Heboh PHK Karyawan, Benarkah Terjadi Bubble Burst Startup?

Intan Rakhmayanti Dewi, CNBC Indonesia
30 May 2022 15:55
Akselerator Y Combinator
Foto: dok Y Combinator

Jakarta, CNBC Indonesia - Gelombang Pemutusan Hubungan Kerja (PHK) sedang terjadi di industri perusahaan rintisan (startup). Fenomena ini banyak dikaitkan dengan bubble burst.
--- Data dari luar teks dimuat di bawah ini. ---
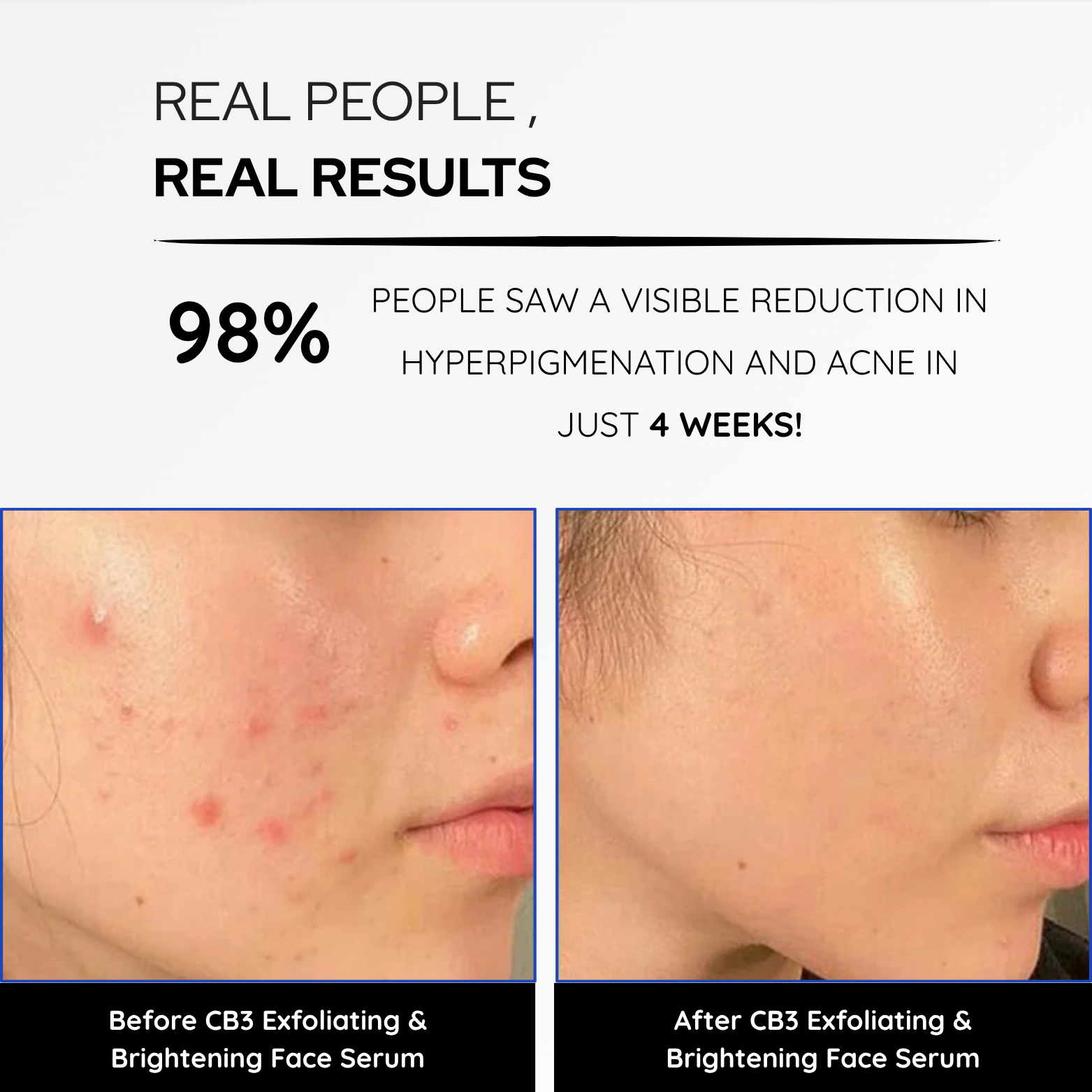 CB3 Brightening Serum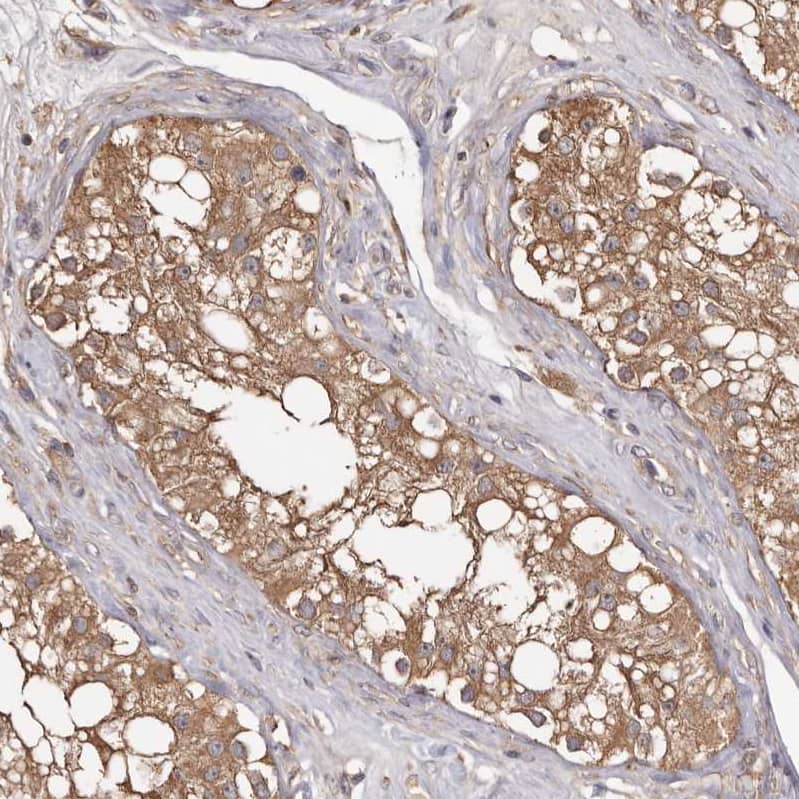 Staining of human testis shows strong cytoplasmic positivity in cells in seminiferous ducts.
Mengenai hal ini, Rudiantara selaku Ketua Dewan Pengawas Asosiasi Fintech Indonesia Rudiantara, menyebut yang terjadi saat ini bukan bubble burst. Kejadian seperti ini bukan suatu guncangan luar biasa seperti yang terjadi kepada industri internet pada era 1990-an, yang dikenal sebagai dotcom bubble.

"Bukan seperti internet yang jadi bubble burst pada masa yang lalu, kalau ada letupan di sana sini itu adalah sesuatu yang wajar," ujarnya dalam program Profit di CNBC Indonesia, Senin (30/5/2022).

Startup, ia sebut seperti bisnis pada umumnya, yaitu tidak semuanya bisa sukses. Menurutnya ada sekitar 10 persen startup digital yang tidak bisa melewati tahun pertama, sedangkan 90 persen lainnya tidak bisa melewati 5 tahun selanjutnya.

Angka 10 persen yang berhasil melewati 5 tahun itu, sudah dianggap cukup bagus baginya. Angka ini jauh lebih tinggi dibandingkan dengan 5-6 tahun yang lalu, yang angkanya hanya 5 persen. Itu juga belum ada jaminan kalau startup yang bisa melewati 5 tahun pertama nya bisa menjadi sukses.

"Jadi sesuatu yang biasa, bedanya ini baru, eksposur media banyak, jadi ekspektasinya banyak, jadi kayak wahhh ini ada sesuatu yang luar biasa, padahal ya biasa-biasa saja," terangnya.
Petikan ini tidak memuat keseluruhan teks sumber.